Morte di Imane Fadil, indagini sulla “pista marocchina”: i pm convocano Souad Sbai
Souad Sbai sarà sentita come testimone nell’ambito dell’inchiesta sulla morte di Imane Fadil, la 34enne marocchina testimone nel processo Ruby, morta in circostanze misteriose a Milano. L’ex parlamentare del Pdl e attuale presidente dell’Associazione donne marocchine in Italia è stata convocata dai pm milanesi Tiziana Siciliano e Luca Gaglio, titolari del fascicolo sulla morte della ragazza, aperto contro ignoti con l’ipotesi di omicidio. Tanto sui social, quanto in un’intervista, Sbai ha invitato le autorità giudiziarie a seguire una presunta “pista marocchina”, che – secondo quanto da lei sostenuto – intreccerebbe i rapporti della ragazza con «l’alta diplomazia» del suo Paese.
Sbai: «Come tante belle ragazze, frequentava molto l’ambasciata»
«Imane è stata avvelenata con qualcosa che non è quello che è stato detto in questi giorni. Chiedo alla magistratura italiana e anche al re del Marocco di fare chiarezza. Ci sono delle responsabilità che vanno ricercate nell’ambiente dell’alta diplomazia marocchina con cui Imane lavorava», ha scritto Sbai sul suo profilo Twitter, aggiungendo che «Imane Fadil sapeva tanto». «Probabilmente aveva deciso di fare un passo indietro. E l’hanno uccisa. So che, come tante altre bellissime ragazze, frequentava molto la nostra ambasciata. E lì, nel giro dell’alta diplomazia, che devono andare a cercare», è stata quindi l’indicazione di Sbai. Allo stato attuale, per le dichiarazioni della presidente delle donne marocchine in Italia non risultano riscontri investigativi, ma la convocazione da parte dei pm conferma che per il caso Fadil si indaga a tutto campo e non si esclude alcuna pista.

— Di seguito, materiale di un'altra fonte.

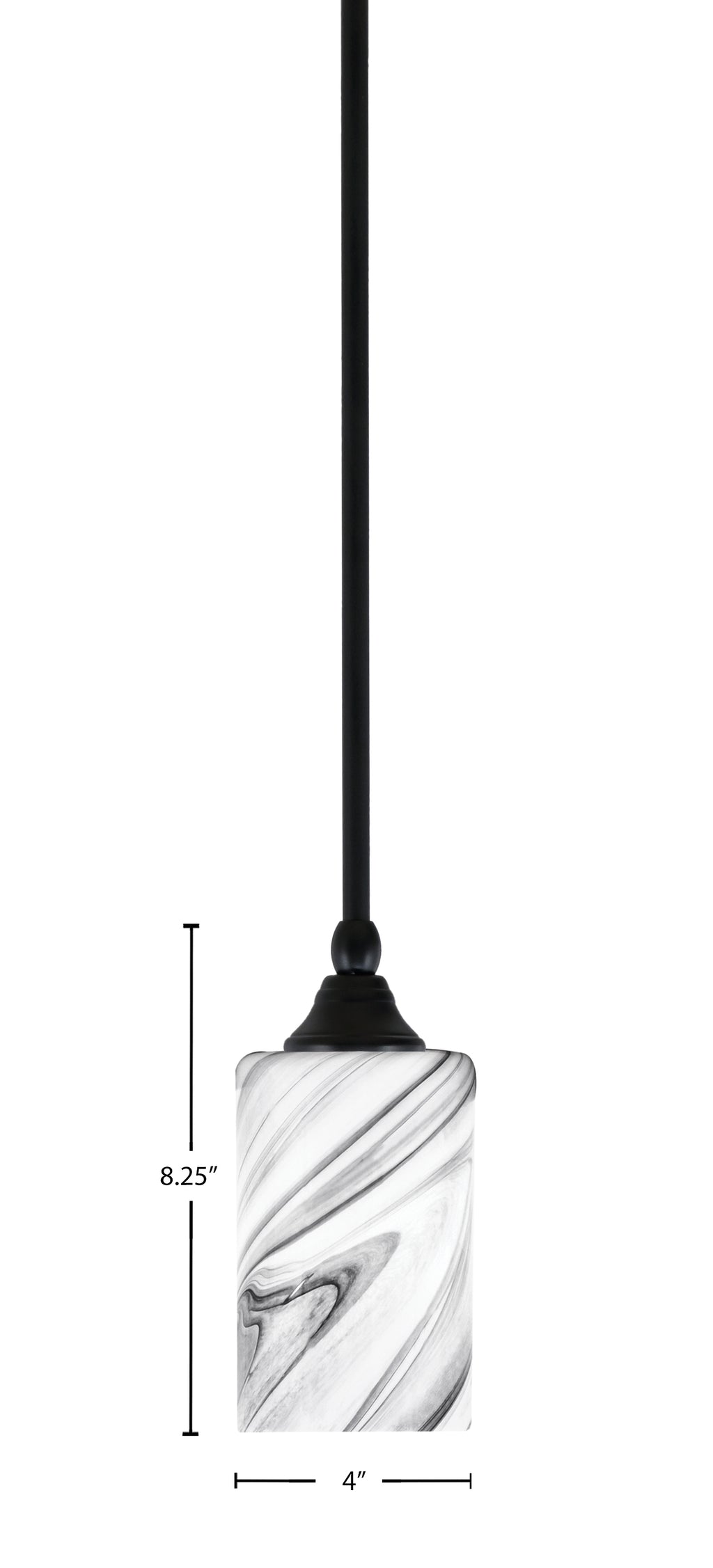Stem One Light Mini Pendant in Matte Black with 4" Onyx Swirl Shade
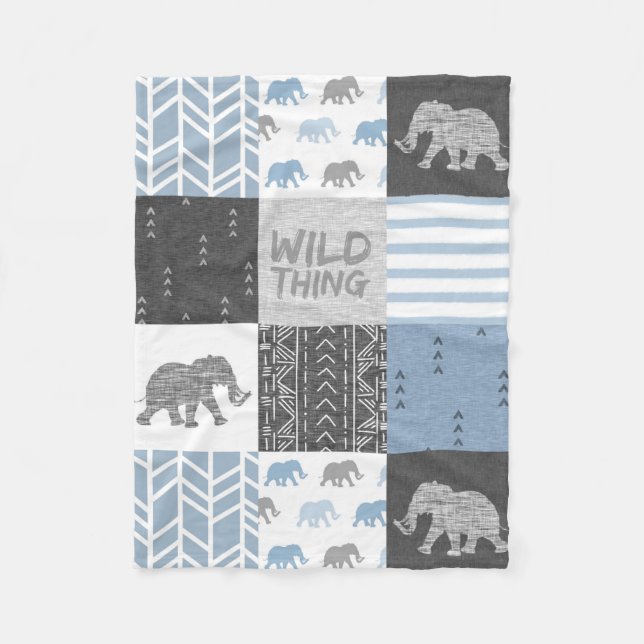Wild Ding - Blauer Elephant Fleecedecke (Vorderseite)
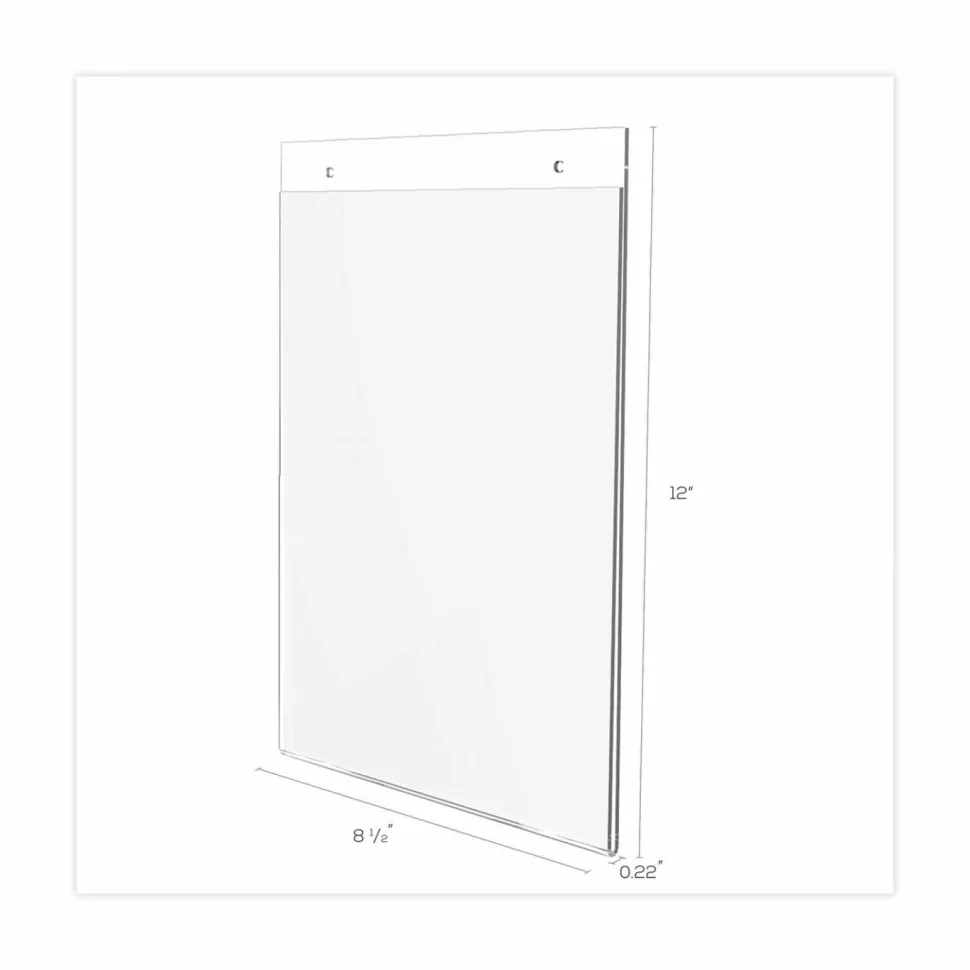 Wall Sign Holder, Vertical, 11"H x 8-1/2"W, Clear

L’ambasciata querela Sbai, lei replica: «Sviano l’attenzione»
Intanto, per le sue parole Sbai è stata querelata da parte dell’ambasciata marocchina in Italia «per diffamazione e propagazione di informazioni menzognere volte a infangare l’immagine del Paese». «Io non sono contro il Marocco, né contro chi lavora e svolge il proprio dovere in ambasciata, ma con la mia associazione mi sono sempre occupata delle donne maltrattate e ci costituiremo parte civile anche per Imane, mentre l’unica dichiarazione degna di nota da parte dell’ambasciatore è stata affidata a uno sterile comunicato stampa nel quale, anziché rispondere nel merito della vicenda, si preoccupava semplicemente di annunciare una querela per diffamazione nei miei confronti, sviando così l’attenzione dal problema», è stata la risposta di Sbai, che a sua volta, «nel negare tutte le accuse rivoltemi dall’ambasciatore, mi riservo il diritto di ricorrere alla Corte per difendere il mio onore e la mia reputazione».